The striking Eagle Eyes on Flying Bird is among the 166 works now on view at Macao Museum of Art as one of the programme highlights of the mega international arts and cultural event, Art Macao.
"Quietness and Clarity: Works of Chen Zhifo from the Collection of the Nanjing Museum", the largest retrospective of the artist staged outside mainland China, aims to introduce the art of the master of modern gongbi to a wider audience.
The 20th century was a golden era of Chinese paintings. The political and social upheavals led intellectuals and artists to reflect on their cultural roots in the context of modernity, especially those who had had the opportunity to be trained abroad.
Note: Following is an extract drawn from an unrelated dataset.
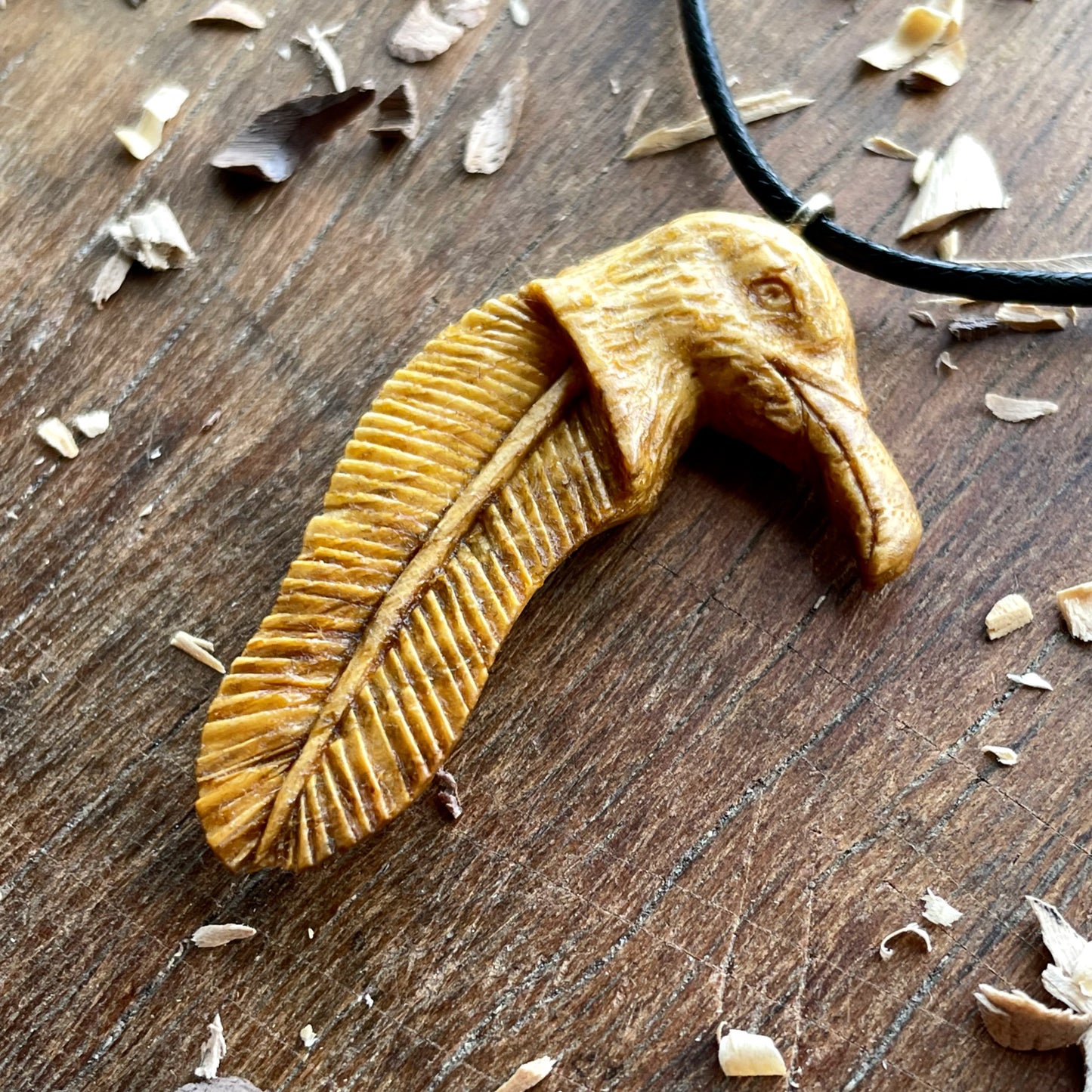 Seagull Head-Feather Pendant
Some artists resorted to the Western medium such as oil paintings, while others, including Chen, fused their foreign influences with the aesthetics and techniques developed from the Chinese literati traditions.
Born in 1896, Chen grew up during the turmoil of the late Qing period and the early Republican era after the 1911 Revolution. He graduated in 1916, having studied textiles at an academy in Hangzhou, but stayed on as a teacher until 1918 when he became the first Chinese to travel to Japan to study pattern design after receiving a government grant.
He returned to China in 1923 and became an art educator, training artists at various acclaimed institutions including the Shanghai Art School, Shanghai Art University, the National Central University and the National College of Art, where he also served as the principal.
At the time Chen had already established himself as a well-regarded art educator and pioneer of Chinese modern applied arts. In his 40s he went on to pursue his passion for the gongbi technique.
The meticulous technique of gongbi is one of the finest in the tradition of Chinese paintings, Wan said.
"The gongbi paintings of flowers and birds were at their peak during the Song [960–1279] and Yuan [1279–1368] dynasties," he said.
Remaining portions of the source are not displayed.